Mark Mazzoleni left Miami to coach Harvard after the 1998-99 season. The RedHawks turned to former Miami player Enrico Blasi, who was working as an assistant coach at Denver under former Miami coach George Gwozdecky. Blasi, at the time, became the youngest head coach in Division I college hockey at 27 years old.

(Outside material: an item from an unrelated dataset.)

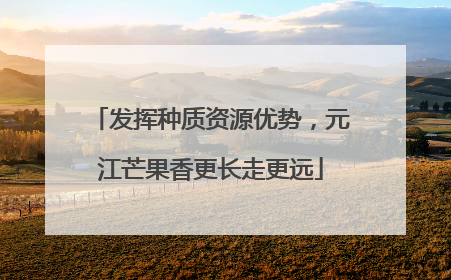 发挥种质资源优势，元江芒果香更长走更远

Blasi established his program, calling it the Brotherhood, and brought the 23-14-4 (.610) 2003-04 RedHawks team to the 2004 NCAA Division I Men's Ice Hockey Tournament, losing 3–2 in the regional semi-final to eventual national champions Denver at the World Arena in Colorado Springs. The team was led by Derek Edwardson (2nd-Team All-American, 48 points) and Greg Hogeboom (42 points).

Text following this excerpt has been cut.